◆ TASK TO COMPLETE ◆
Look below for the line that has "NUEVA Chaqueta de". Set down the lines from there through the line that has "Gianvito Rossi Flavia", exactly as written.

◆ EXERCISE INPUTS ◆
=== Section Start ===
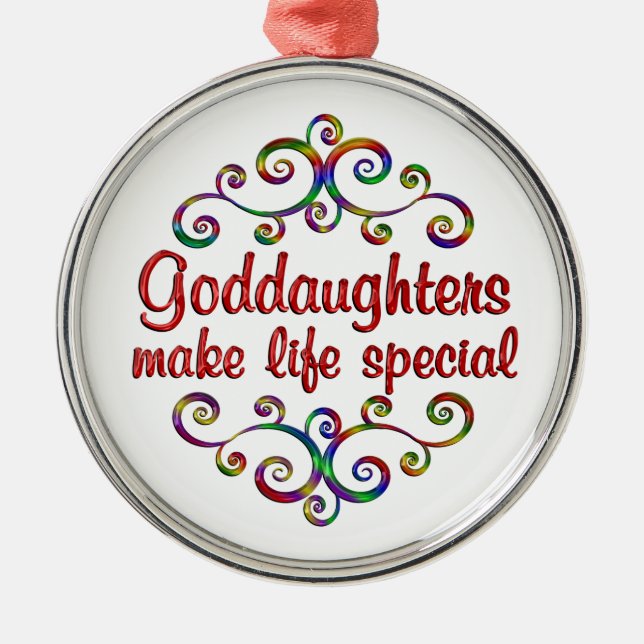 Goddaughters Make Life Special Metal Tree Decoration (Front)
=== Section End ===
=== Section Start ===
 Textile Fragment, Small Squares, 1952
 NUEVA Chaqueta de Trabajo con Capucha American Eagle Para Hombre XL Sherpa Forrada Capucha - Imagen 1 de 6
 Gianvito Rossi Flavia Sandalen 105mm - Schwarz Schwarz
=== Section End ===
◆ RESULT OF THE EXERCISE ◆
 NUEVA Chaqueta de Trabajo con Capucha American Eagle Para Hombre XL Sherpa Forrada Capucha - Imagen 1 de 6
 Gianvito Rossi Flavia Sandalen 105mm - Schwarz Schwarz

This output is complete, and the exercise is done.